A game of Starships begins much like any of Sid Meier's other simulations. You toggle settings like map size and overall difficulty, then you’re dumped into the galaxy to start expanding your empire. Although rather than picking a nationality you can choose between one of three factions (each with a different bonus that will give them an edge in certain situations), then between one of several leaders (also each with their own bonuses).
On your turn you’ll be able to manage your conquered planets (i.e. build cities, planetary defenses, etc), spend resources to research new and improved technologies, upgrade your fleet of starships, and stop by unconquered planets to complete tasks and gain influence. And any decision you make can have a pretty significant effect on your progress.
There’s a lot to enjoy here, especially for fans of the Civilization series and it’s less dense spinoff. There are many different paths to victory, but you’ll be spending a lot of your time in turn-based tactical combat. Thankfully it works quite well, although I did have a few issues with the controls deciding to perform actions before I tapped a second time to verify. Not so good when your carrier ends up drifting right into the middle of an enemy fleet when you were just trying to take a look around the map.

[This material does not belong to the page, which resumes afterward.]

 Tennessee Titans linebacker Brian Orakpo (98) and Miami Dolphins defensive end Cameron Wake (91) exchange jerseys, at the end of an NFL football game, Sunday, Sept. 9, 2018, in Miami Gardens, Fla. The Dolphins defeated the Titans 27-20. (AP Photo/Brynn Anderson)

There are also lots of little visual details in Starships that I’m kind of in love with. Every time you upgrade a ship, its model will change to display the upgraded tech. Whenever you build cities on a planet, you’ll see a network of lights appear on the surface. It doesn’t affect the gameplay at all, but it sure looks cool.

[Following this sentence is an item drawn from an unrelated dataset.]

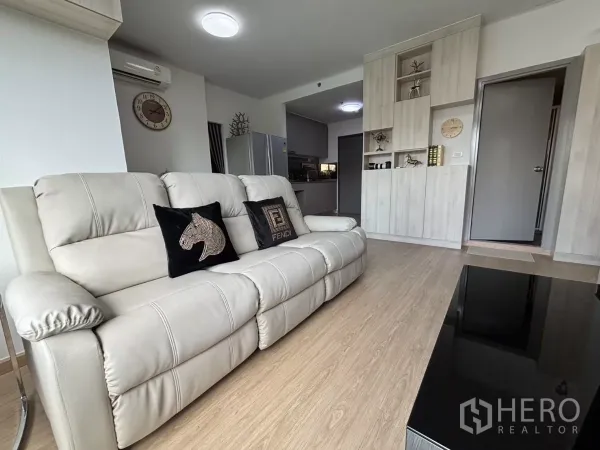 公寓 出租在Phra Khanong, Bangkok - 曼谷Bang Chak公寓客厅，奶油色皮沙发、嵌入式柜与木质地板，连通厨房。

What’s not so cool is the complete lack of a proper tutorial. Aside from simply learning by doing, the only way for you to get any sort of guidance is to constantly tap on the Advice button. This is fine if you can’t decide what to do on your turn but it’s a terrible way to familiarize someone with Starships’ ins and outs. There are several things that simply aren’t explained at all - especially in combat - and it makes those first couple of campaigns a frustrating slog. Figuring out what Battle Cards do is also a pain, since you can only reference them outside of combat in the SpaceOPedia.
The lack of multiplayer might also be a deal-breaker for some. I certainly didn't miss it, but I know lots of people like to play Civilization against each other and they'll no doubt be disappointed that they can't do the same here. Not being able to face-off against other players doesn't really detract from the fun, though.
Once the aggravating “figure it out for yourself” phase is over though, Sid Meier’s Starships is lots of fun. It’s a great revamp of the Civilization formula and, much like most other Sid Meier games, is almost endlessly replayable. So if you like strategy, Sid Meier, and/or spaceships, you might want to give it a try.